Abstract:
Alkaptonuria (AKU) is a rare genetic autosomal recessive disorder characterized by elevated serum levels of homogentisic acid (HGA). In this disease, tyrosine metabolism is interrupted because of the alterations in homogentisate dioxygenase (HGD) gene. The patient suffers from ochronosis, fractures, and tendon ruptures. To date, no medicine has been approved for the treatment of AKU. However, physiotherapy and strong painkillers are administered to help mitigate the condition. Recently, nitisinone, an FDA-approved drug for type 1 tyrosinemia, has been given to AKU patients in some countries and has shown encouraging results in reducing the disease progression. However, this drug is not the targeted treatment for AKU, and causes keratopathy. Therefore, the foremost aim of this study is the identification of potent and druggable inhibitors of AKU with no or minimal side effects by targeting 4-hydroxyphenylpyruvate dioxygenase.

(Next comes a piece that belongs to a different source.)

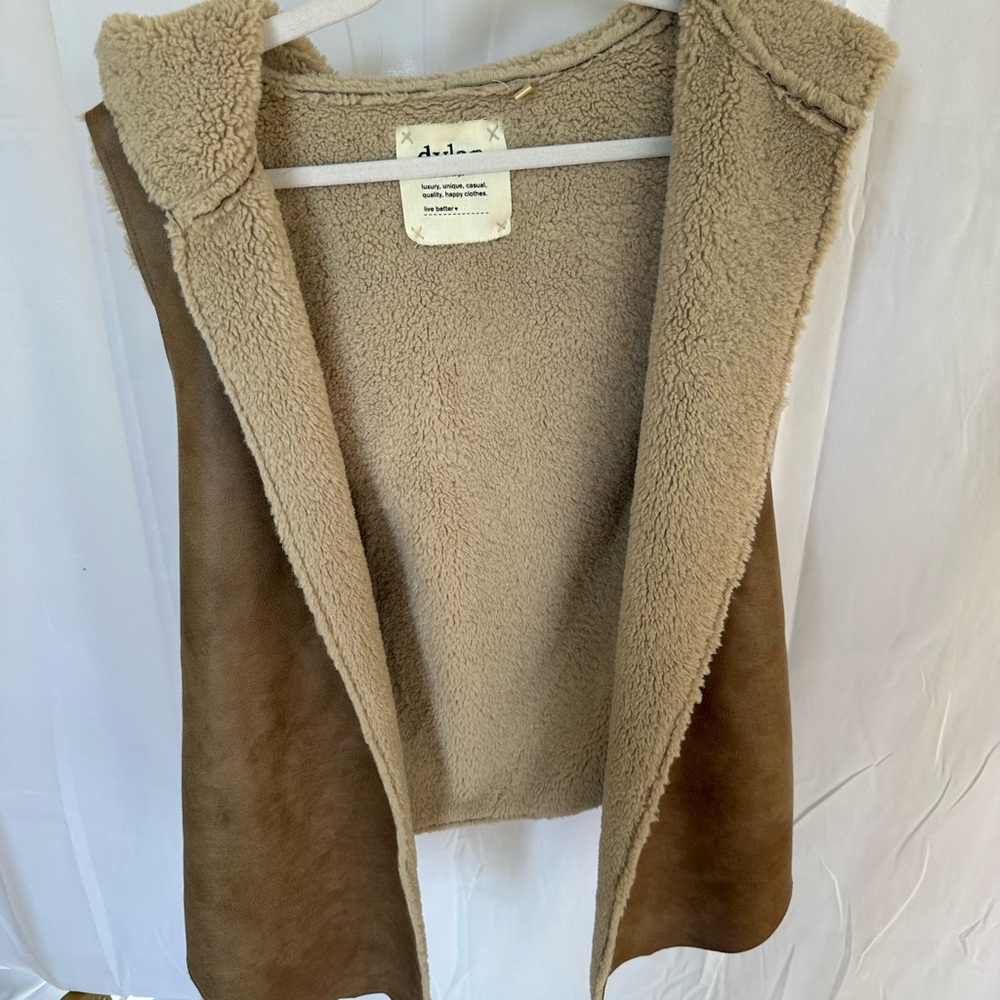 Dylan Tan and Cream Shearling Vest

To achieve our goal, we have performed computational modelling using BioSolveIT suit. The library of ligands for molecular docking was acquired by fragment replacement of reference molecules by ReCore. Subsequently, the hits were screened on the basis of estimated affinities, and their pharmacokinetic properties were evaluated using SwissADME. Afterward, the interactions between target and ligands were investigated using Discovery Studio. Ultimately, compounds c and f were identified as potent inhibitors of 4-hydroxyphenylpyruvate dioxygenase.
摘要:
碱性尿症(AKU)是一种罕见的遗传性常染色体隐性遗传疾病,其特征是血清匀浆酸(HGA)水平升高。在这种疾病中,酪氨酸代谢由于匀浆双加氧酶(HGD)基因的改变而中断。病人患有慢性疾病,骨折,肌腱断裂.迄今为止,目前尚无药物被批准用于治疗AKU.然而,物理治疗和强效止痛药的管理,以帮助减轻病情。最近,尼替辛酮,FDA批准的1型酪氨酸血症药物,已在一些国家给予AKU患者,并在减少疾病进展方面显示出令人鼓舞的结果。然而,这种药物不是AKU的靶向治疗,并导致角膜病变。因此,本研究的首要目的是通过靶向4-羟基苯丙酮酸双加氧酶,鉴定有效且可作为药物的AKU抑制剂,且无副作用或副作用最小.为了实现我们的目标,我们已经使用BioSolveIT套装进行了计算建模。用于分子对接的配体文库通过ReCore对参考分子的片段置换来获得。随后,点击量是根据估计的亲和力进行筛选的,并使用SwissADME评估其药代动力学特性。之后,使用DiscoveryStudio研究了靶标与配体之间的相互作用.最终,化合物c和f被鉴定为4-羟基苯基丙酮酸双加氧酶的有效抑制剂。